- Original research article
- Open Access
Regional gaps in the provision of inpatient rehabilitation services for the elderly in Israel: Results of a national survey
© Zucker et al.; licensee BioMed Central Ltd. 2013
- Received: 24 January 2013
- Accepted: 16 May 2013
- Published: 23 July 2013
Medical events, such as stroke, limb fractures, joint replacements and spinal injuries, can lead to acute functional disability at all ages and to chronic disability, especially among the elderly. Rehabilitation is, therefore, essential for the prevention of permanent disability among older individuals. There are international practice guidelines for stroke and hip fracture management, including recommendations that rehabilitation services be an integral part of the provision of treatment in either an inpatient setting or in the community. There are no organized data on provision of rehabilitation services in Israel or on the distribution of these services throughout the country. Such information would be of great assistance in designing these services where they are needed and in making changes in the existing ones where necessary.
Patients aged 65 years or older with stroke or hip fracture were identified through one-day surveys conducted in 2009–2010 in all 26 acute care hospitals in Israel. Data on inpatient and ambulatory rehabilitation services were collected from discharge medical summaries, telephone interviews with the patients or their relatives and reports from the healthcare provider. The extent of rehabilitation services was described and the association between receipt of inpatient rehabilitation and the geographic district based on the patients’ listed address was examined in a multivariate analysis.
A total of 570 patients with stroke and 768 patients with hip fracture were identified and interviews were conducted in regards to 421 and 672 respectively. Out of the stroke patients 238(56.5%) received inpatient rehabilitation, 46(10.9%) received ambulatory rehabilitation treatment without inpatient phase and 137 (32.5%) received no rehabilitation. In fracture these rates were 494(73.5%), 96(14.3%) and 82(12.2%) respectively. Patients living in districts with lower availability of rehabilitation beds were less likely to receive inpatient rehabilitation after controlling for patient characteristics.

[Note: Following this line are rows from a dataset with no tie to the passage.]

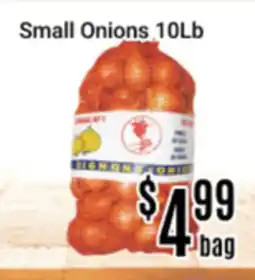 Nations Fresh Foods Small Onions 10Lb offer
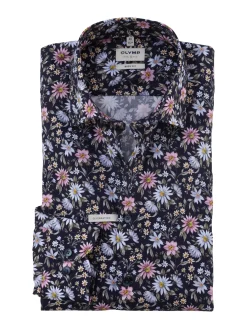 Businesshemd im Flower Look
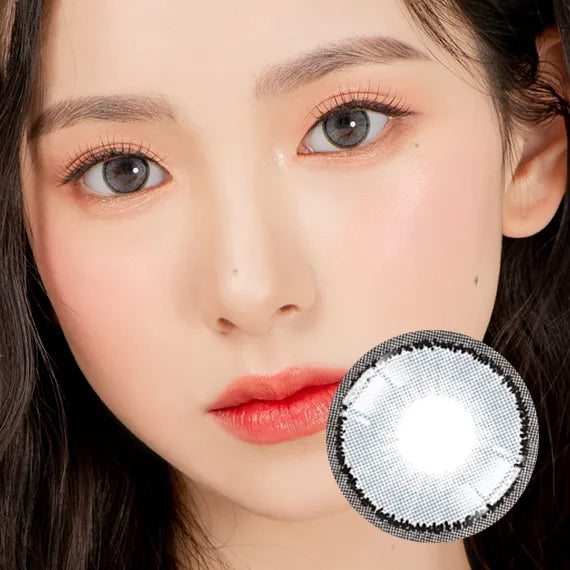 Lensrang Sharing Gray Colored Contacts (1Month/2Pc)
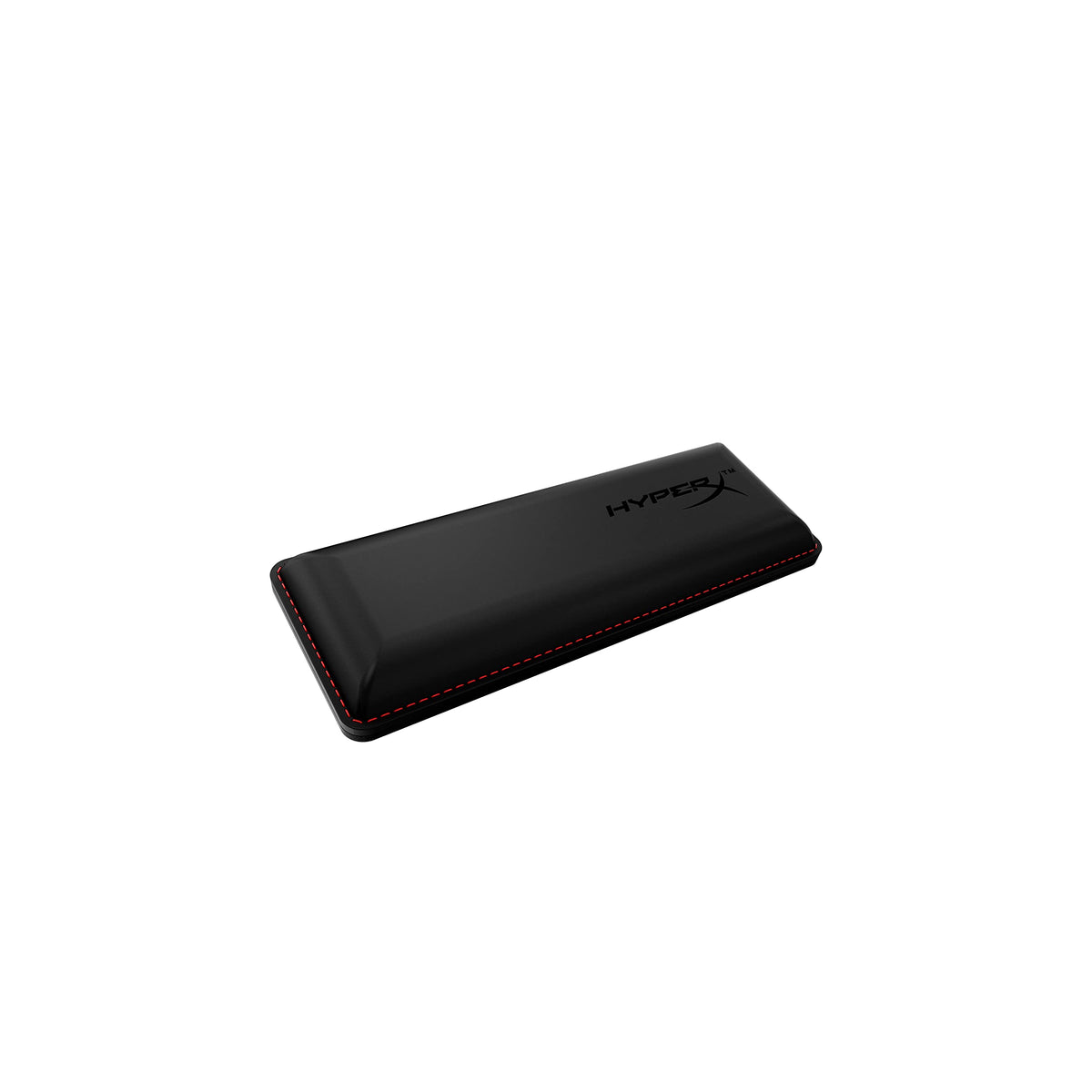 HyperX Wrist Rest - Full Sized - Cooling Gel - Memory Foam - Anti-Slip - Ergonomic - Keyboard Accessory, Black Full Size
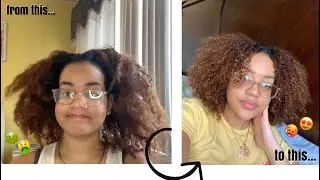 MY (ideal) WASH DAY ROUTINE | START TO FINISH (3b curls)  🤩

Regional disparities in the provision of inpatient rehabilitation care for elderly after an acute episode of stroke or hip fracture were identified and could be partially attributed to the distribution of rehabilitation beds. These findings highlight the need to plan the rehabilitation resources based on the population needs and to routinely monitor the provision of these services.
- Hip fracture
- Health care disparities
Rehabilitation is essential following medical events that lead to an acute functional disability, such as stroke, limb fractures, joint replacements and spinal injuries . The incidence of these events increases sharply with age [2–4], and the elderly are also more prone to become dependent as a result of a physical functional insult . Therefore, the provision of proper rehabilitation services is of critical importance to the elderly population . The provision of organized multidisciplinary post-acute rehabilitation care after stroke or hip fracture can reduce long-term mortality and institutionalization [6–9]. International practice guidelines for both stroke and hip fracture management recommend that rehabilitation services be provided as an integral part of the treatment plan in the acute and post-acute phases in order to minimize loss of function and prevent disability [7, 10–14]. Post-acute rehabilitation treatment can be provided in either an inpatient setting or in the community. Regardless of the setting, in order to be effective rehabilitation services should be provided by a multidisciplinary coordinated team with sufficient intensity [8, 9].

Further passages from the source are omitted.